This lesser, everyday AI’s trick is its acting, its puppeteering of human creativity and gestures at consciousness with such skill and precision that we fool ourselves momentarily, to believe in the presence of a kind of ethical mind. The most powerful and affecting elements of relating are externalized in the mask to appeal to our solipsism. We just need a soothing and hypnotic voice, a compliment or two, and our overextended brains pop in, eager to simulate and fill in the blanks. Thousands of different artificial voices and avatars shape and guide our days like phantoms. The simulations only parrot our language to a degree, displaying an exaggerated concentrate of selected affect: care, interest, happiness, approval. In each design wave, the digital humanoid mask becomes more seamless, smoothly folded into our conversation.
How we map the brain through computer systems, our chosen artificial logic, shapes our communication and self-conception. Our relationship to computation undergirds current relations to art, to management, to education and design, to politics. How we choose to signify the mind in artificial systems directs the course of society and its future, mediated through these systems. Relationships with humanoid intelligences influence our relationships to other people, our speech, our art, our sense of possibilities, even an openness to experimentation.
Artificial intelligence and artifactual intelligence differ in many important ways, yet we continue to model them on each other. And how the artificial mind is modeled to interact is the most powerful tool technocracy has. But even knowing all of this, it is naïve to believe that simple exposure and unstitching of these logics will help us better arbitrate what kind of artificial intelligence we want to engage with.

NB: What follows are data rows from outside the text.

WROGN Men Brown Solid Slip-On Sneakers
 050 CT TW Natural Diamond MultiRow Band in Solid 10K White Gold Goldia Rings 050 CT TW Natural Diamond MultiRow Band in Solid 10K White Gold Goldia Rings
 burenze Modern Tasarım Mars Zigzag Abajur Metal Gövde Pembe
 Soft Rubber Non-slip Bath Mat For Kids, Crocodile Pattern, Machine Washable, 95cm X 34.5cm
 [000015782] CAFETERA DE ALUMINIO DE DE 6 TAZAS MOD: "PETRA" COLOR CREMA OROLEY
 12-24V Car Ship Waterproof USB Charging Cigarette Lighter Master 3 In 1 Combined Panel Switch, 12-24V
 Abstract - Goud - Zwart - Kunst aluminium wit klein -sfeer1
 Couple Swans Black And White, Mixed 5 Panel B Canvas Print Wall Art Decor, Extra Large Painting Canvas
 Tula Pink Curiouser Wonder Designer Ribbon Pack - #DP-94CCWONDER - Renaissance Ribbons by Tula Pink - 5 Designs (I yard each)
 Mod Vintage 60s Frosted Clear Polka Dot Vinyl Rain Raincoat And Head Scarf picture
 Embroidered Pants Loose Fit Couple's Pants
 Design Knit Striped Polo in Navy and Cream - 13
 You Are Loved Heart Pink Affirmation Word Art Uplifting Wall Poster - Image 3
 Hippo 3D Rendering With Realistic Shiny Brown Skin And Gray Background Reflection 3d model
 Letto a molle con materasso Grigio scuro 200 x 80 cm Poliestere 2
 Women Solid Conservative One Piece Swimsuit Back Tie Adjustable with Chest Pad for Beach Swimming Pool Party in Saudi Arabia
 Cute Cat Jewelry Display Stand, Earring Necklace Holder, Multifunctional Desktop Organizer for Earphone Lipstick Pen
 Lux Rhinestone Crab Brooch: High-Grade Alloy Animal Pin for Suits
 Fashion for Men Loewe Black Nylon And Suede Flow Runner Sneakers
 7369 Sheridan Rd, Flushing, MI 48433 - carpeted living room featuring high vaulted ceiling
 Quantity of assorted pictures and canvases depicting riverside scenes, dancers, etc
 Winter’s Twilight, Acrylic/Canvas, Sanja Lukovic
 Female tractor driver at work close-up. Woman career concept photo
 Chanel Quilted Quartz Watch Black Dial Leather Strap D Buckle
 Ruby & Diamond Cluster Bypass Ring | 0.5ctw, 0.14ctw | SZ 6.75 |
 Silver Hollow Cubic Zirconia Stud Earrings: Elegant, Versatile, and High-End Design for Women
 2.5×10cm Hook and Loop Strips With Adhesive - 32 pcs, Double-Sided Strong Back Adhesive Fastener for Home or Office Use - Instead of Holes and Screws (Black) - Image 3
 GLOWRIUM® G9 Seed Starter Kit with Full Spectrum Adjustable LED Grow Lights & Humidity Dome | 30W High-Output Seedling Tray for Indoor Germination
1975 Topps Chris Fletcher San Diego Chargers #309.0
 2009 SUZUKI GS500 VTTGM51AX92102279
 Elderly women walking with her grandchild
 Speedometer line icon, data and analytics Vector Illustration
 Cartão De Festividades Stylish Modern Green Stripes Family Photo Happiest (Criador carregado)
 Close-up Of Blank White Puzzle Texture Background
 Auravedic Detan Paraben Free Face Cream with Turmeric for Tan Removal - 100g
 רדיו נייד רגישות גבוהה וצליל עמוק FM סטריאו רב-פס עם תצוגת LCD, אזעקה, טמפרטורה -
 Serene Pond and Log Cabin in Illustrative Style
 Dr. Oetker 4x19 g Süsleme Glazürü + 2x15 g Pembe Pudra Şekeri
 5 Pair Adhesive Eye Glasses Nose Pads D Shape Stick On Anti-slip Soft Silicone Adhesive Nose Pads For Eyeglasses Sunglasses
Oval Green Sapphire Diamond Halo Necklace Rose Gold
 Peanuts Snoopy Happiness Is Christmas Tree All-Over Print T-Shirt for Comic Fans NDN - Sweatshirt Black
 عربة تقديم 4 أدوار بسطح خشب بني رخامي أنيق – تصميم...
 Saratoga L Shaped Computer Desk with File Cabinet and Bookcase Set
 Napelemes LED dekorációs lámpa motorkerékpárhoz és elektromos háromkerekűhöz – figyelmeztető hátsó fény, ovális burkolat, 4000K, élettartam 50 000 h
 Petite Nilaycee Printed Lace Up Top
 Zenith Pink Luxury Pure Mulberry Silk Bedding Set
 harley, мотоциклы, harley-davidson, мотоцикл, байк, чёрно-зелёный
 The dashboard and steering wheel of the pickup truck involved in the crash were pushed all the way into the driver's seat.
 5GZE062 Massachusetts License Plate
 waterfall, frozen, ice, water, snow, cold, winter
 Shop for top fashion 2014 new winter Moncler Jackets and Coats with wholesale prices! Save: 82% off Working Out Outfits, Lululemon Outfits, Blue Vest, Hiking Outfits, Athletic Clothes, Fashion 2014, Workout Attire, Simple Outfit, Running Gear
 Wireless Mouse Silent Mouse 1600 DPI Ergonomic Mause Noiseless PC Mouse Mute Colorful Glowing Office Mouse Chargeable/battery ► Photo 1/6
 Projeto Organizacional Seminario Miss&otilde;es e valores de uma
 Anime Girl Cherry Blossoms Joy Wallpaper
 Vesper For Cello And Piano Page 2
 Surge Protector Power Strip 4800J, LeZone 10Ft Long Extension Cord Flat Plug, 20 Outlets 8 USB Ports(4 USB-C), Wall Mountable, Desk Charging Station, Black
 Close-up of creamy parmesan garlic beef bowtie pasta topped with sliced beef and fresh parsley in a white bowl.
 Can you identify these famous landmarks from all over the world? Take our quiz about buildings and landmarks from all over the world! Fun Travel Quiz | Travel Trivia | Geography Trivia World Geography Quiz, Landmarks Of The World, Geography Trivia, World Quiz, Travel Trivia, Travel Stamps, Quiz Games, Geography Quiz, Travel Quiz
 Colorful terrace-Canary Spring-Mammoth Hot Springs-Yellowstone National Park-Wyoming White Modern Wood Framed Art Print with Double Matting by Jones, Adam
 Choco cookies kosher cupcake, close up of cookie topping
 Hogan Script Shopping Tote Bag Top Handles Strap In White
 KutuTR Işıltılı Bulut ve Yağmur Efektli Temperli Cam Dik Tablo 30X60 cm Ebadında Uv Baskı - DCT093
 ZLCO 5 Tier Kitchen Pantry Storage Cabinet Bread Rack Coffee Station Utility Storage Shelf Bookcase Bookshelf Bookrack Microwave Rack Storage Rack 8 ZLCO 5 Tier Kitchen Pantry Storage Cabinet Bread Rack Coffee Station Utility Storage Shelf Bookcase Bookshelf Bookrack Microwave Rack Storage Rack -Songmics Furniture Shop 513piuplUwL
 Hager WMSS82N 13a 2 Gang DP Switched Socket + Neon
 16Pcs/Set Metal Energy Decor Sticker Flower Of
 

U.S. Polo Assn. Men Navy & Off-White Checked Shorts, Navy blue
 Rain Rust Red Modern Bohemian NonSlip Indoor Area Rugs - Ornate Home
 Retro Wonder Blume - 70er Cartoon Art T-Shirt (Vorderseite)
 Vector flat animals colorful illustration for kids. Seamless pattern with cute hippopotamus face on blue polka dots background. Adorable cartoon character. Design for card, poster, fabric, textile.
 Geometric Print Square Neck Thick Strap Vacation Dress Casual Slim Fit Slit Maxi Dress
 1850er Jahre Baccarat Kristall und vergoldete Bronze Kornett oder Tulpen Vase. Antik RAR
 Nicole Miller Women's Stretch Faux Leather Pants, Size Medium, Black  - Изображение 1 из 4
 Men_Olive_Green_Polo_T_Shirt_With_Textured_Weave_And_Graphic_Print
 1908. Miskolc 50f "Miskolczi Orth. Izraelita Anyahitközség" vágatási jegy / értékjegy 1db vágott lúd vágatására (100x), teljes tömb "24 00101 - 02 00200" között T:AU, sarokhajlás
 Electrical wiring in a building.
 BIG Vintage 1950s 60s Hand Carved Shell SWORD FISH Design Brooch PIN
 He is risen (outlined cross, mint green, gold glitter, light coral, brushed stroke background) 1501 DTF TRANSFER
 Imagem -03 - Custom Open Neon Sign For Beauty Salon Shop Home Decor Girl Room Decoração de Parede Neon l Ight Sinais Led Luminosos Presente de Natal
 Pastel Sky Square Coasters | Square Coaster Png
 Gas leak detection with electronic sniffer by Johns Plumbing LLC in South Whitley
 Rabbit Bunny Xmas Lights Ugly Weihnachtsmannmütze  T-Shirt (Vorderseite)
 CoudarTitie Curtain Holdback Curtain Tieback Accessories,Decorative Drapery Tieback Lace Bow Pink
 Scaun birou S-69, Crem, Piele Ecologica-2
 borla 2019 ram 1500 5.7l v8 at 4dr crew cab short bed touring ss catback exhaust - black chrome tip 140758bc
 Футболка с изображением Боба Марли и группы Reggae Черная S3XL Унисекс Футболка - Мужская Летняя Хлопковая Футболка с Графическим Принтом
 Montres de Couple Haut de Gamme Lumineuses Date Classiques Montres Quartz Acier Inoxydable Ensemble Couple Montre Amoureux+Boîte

It seems more useful to outline what these attempts at compression do to us, how computational culture’s logical operations, enacted through engineered, managed interactions, change us as we coevolve with machine intelligence. And from this mapping, we might be able to think of other models of computational culture.
Incompressibility
It is hard to find, in the human-computer relationship as outlined above, allowances for the ineffability that easily arises between people, or a sense of communing on levels that are unspoken and not easy to name. But we know that there are vast tranches of experience that cannot be coded or engineered for, in which ambiguity and multiplicity and unpredictability thrive, and understand on some level that they create environments essential for learning, holding conflicting ideas in the mind at once, and developing ethical intelligence.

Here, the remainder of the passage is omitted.